Aim of the task: Reproduce the listing below from the line with "Surgical Treatment For" to the line with "Dr. Nitesh Patel", both lines included, character for character, minus any pictures.

┏━━

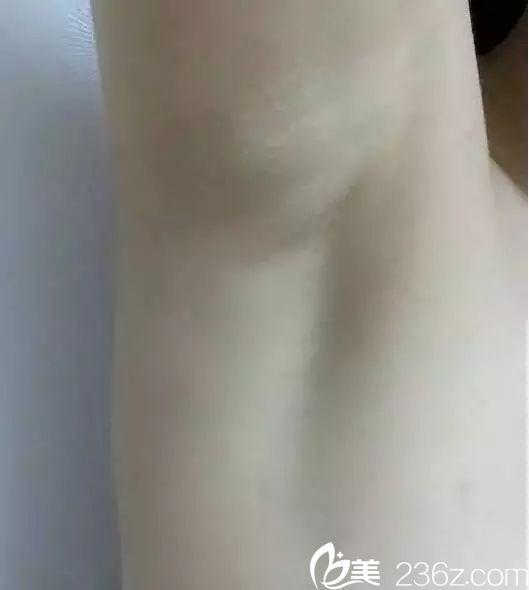 從填不滿的A-cup到傲嬌的C-cup，只因在蘇州芘麗芙華美做了進(jìn)口娜綺麗假體隆胸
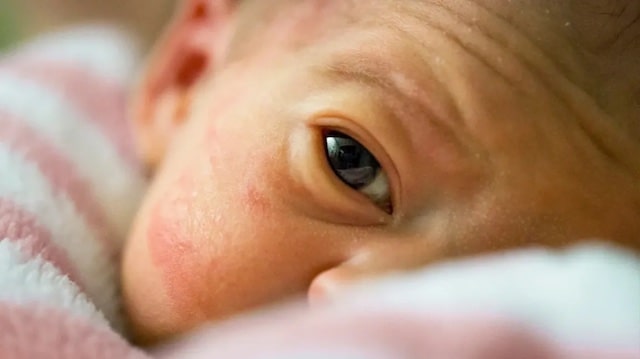 Các vấn đề của trẻ sinh non trước và sau xuất viện cần theo dõi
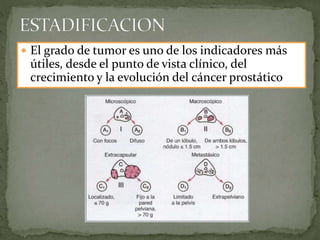  El grado de tumor es uno de los indicadores más
útiles, desde el punto de vista clínico, del
crecimiento y la evolución del cáncer prostático
 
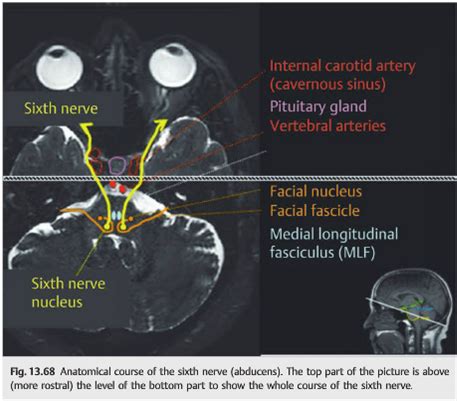 Cranial Nerve Palsy Mri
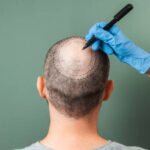 Crown Hair Transplant in Dubai Using FUE Technique Only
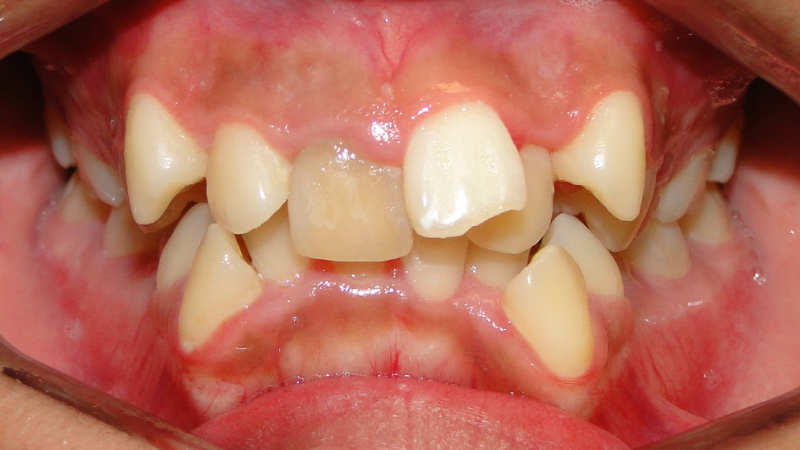 Răng Mọc Lệch Có Bọc Sứ Được Không? Lời Khuyên Từ Chuyên Gia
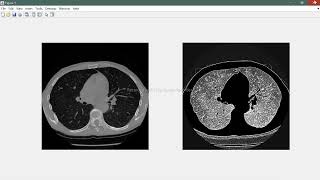 Gaussian windowing Matlab  Medical image processing 2 [upl. by Ainatit]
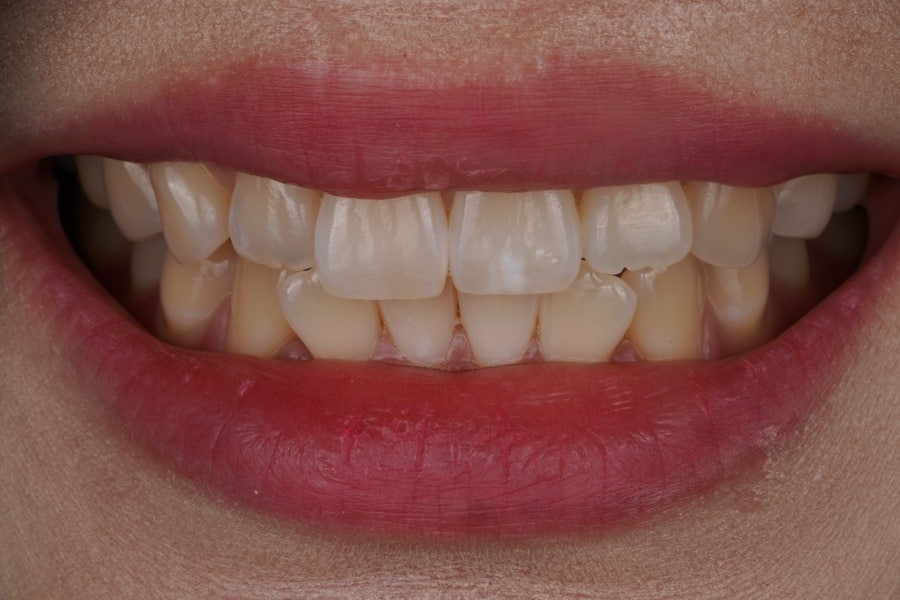 서초동 반점치 레진, 웨딩 촬영 전 앞니 치과치료 관련 이미지 2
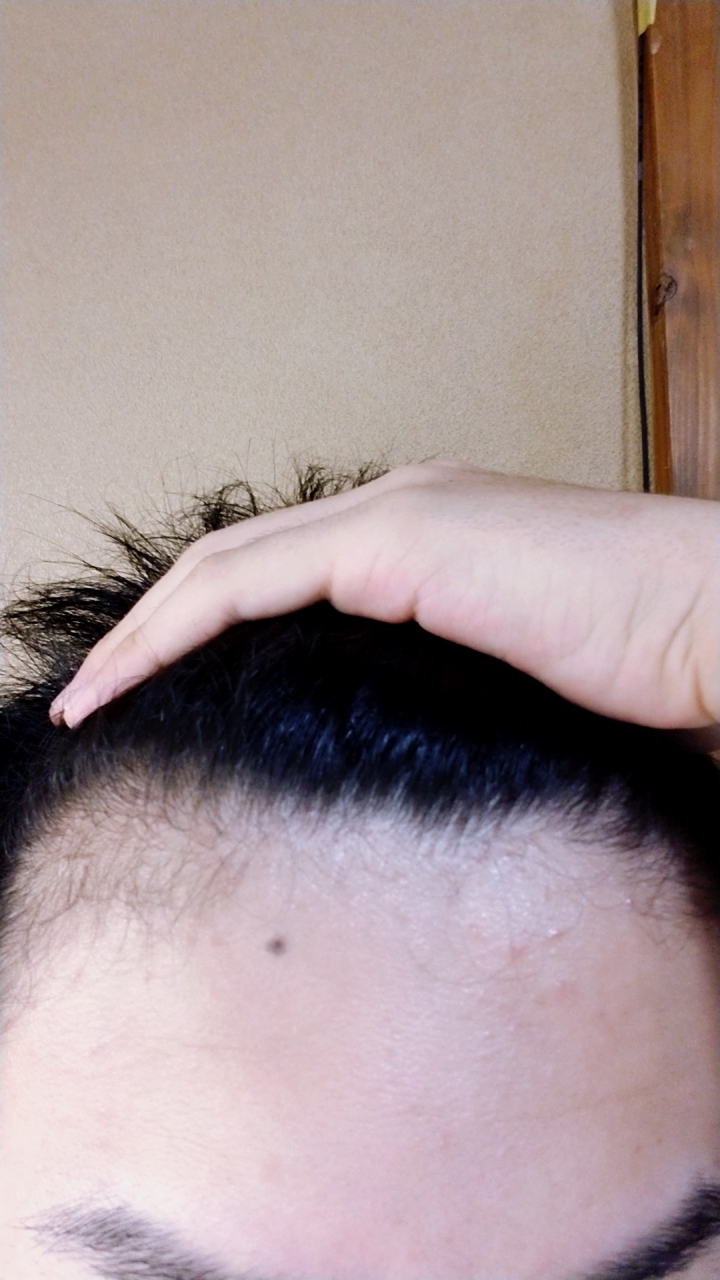 M字 植毛 自毛植毛なんでも相談室 植毛ブログ 薄毛の疑問にお答えします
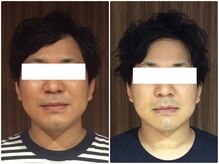 美容整体 ウェリナ 蟹江院/小顔矯正/骨盤矯正/美脚サロン 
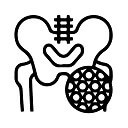 STRONG BONES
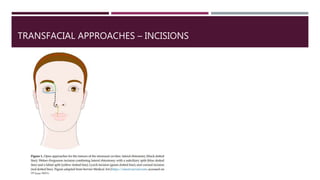 TRANSFACIAL APPROACHES – INCISIONS
 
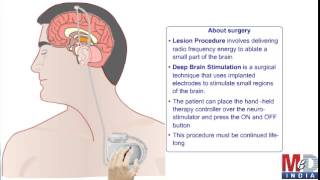 Surgical Treatment For Parkinsons Disease [upl. by Herrick]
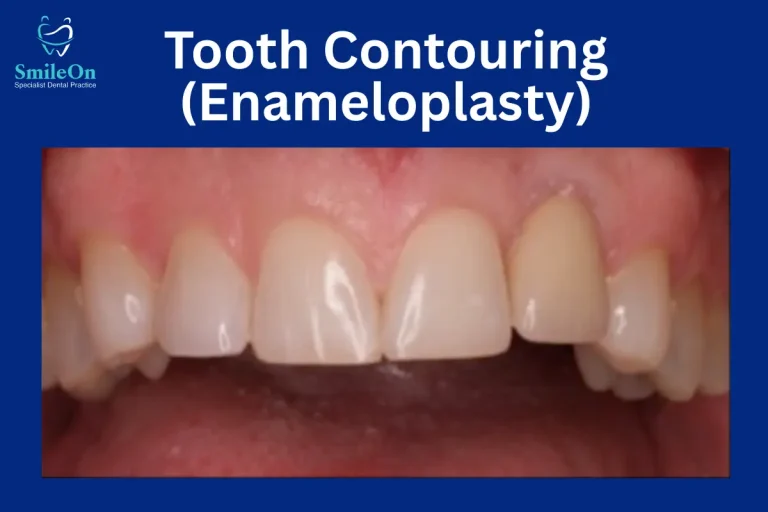 Tooth Contouring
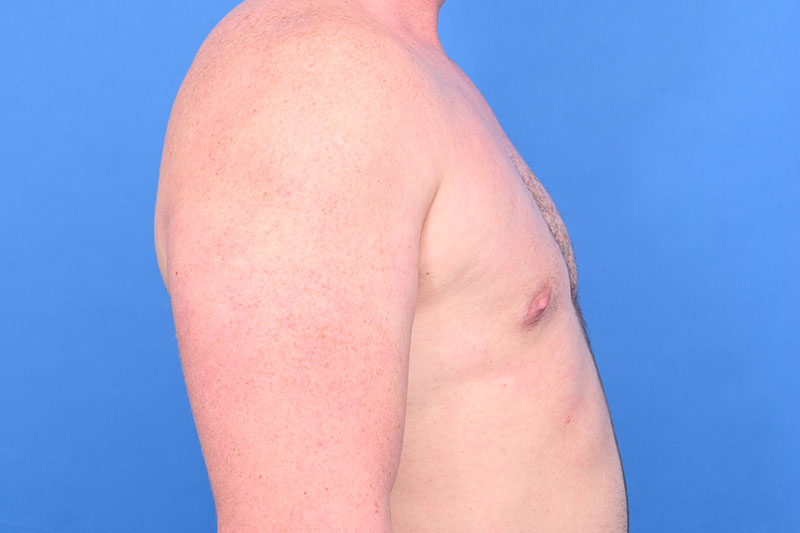 Gynecomastia Surgery Before & After Image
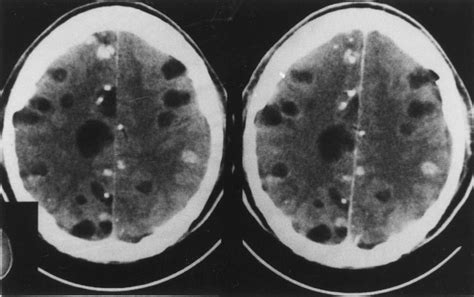 Typical Image Of Cysticerci Ct Scan Showing Many Active Cysts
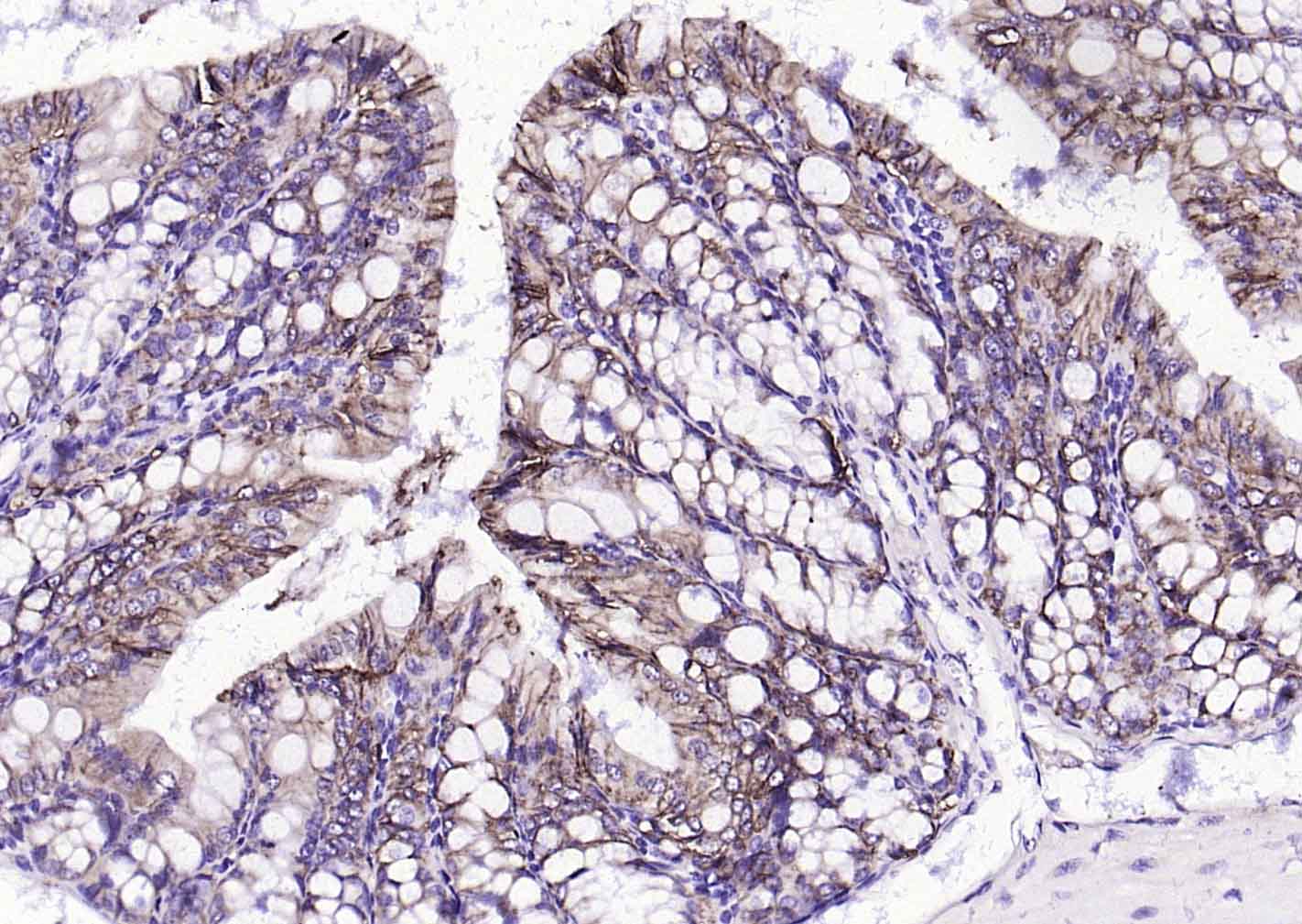 上皮细胞粘附分子（CD326）重组兔单抗-bsm-52417R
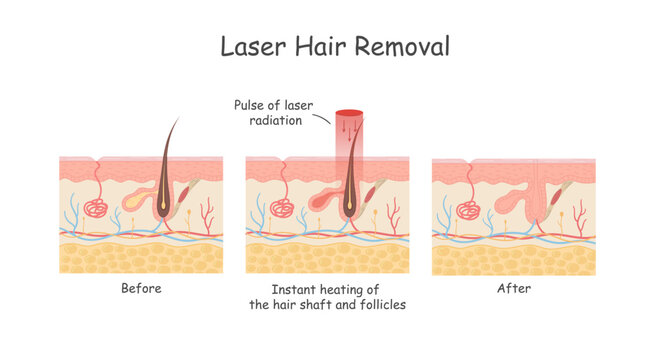 Laser hair removal of the skin layer against hair. Medical diagram before and after using laser hair removal.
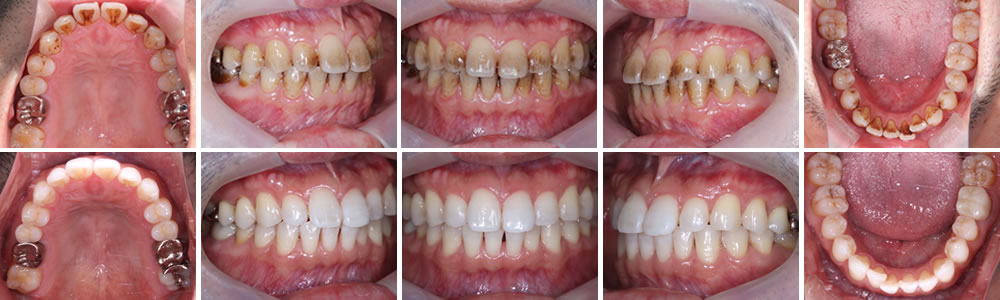 予防歯科（クリーニング）の症例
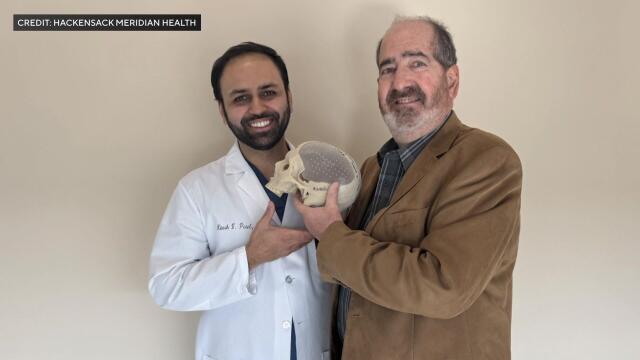 Dr. Nitesh Patel and patient Greg Morrison pose with a 3D-printed replica of Morrison's skull. 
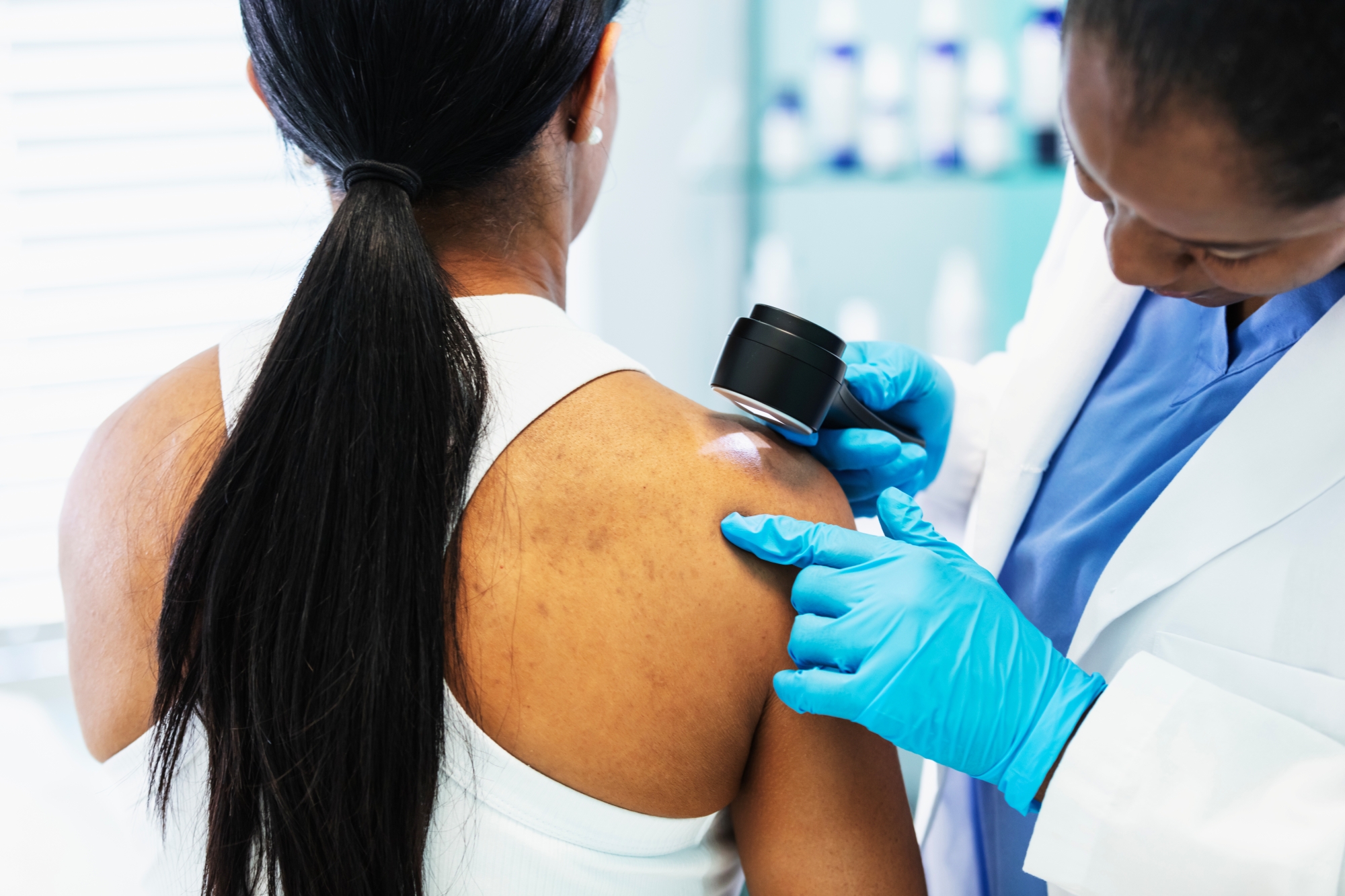 Skin cancer screening: What to look for and when to see a dermatologist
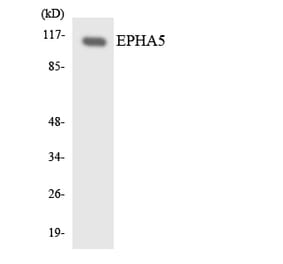 Western Blot - Anti-EPHA5 Antibody (R12-2752) - Antibodies.com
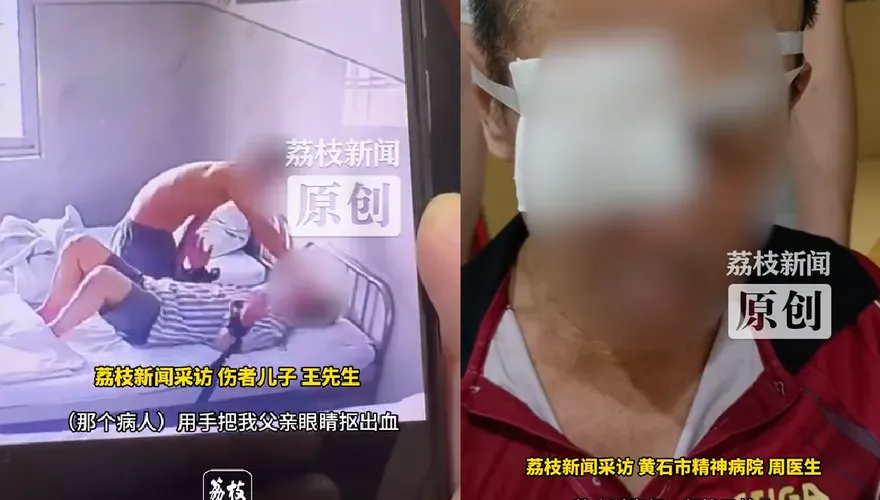 陸翁住院遭精神病友「摳出眼球」失明　兒崩潰：父雙手被綁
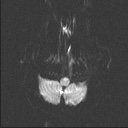 Balo concentric sclerosis (Radiopaedia 50458-55940 Axial DWI 43).jpg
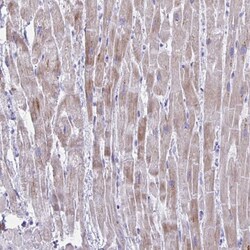Invitrogen BCL6B Polyclonal Antibody 100 &mu;L; Unconjugated:Antibodies,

┗━━

Reply to the task:
 Surgical Treatment For Parkinsons Disease [upl. by Herrick]
 Tooth Contouring
 Gynecomastia Surgery Before & After Image
 Typical Image Of Cysticerci Ct Scan Showing Many Active Cysts
 上皮细胞粘附分子（CD326）重组兔单抗-bsm-52417R
 Laser hair removal of the skin layer against hair. Medical diagram before and after using laser hair removal.
 予防歯科（クリーニング）の症例
 Dr. Nitesh Patel and patient Greg Morrison pose with a 3D-printed replica of Morrison's skull. 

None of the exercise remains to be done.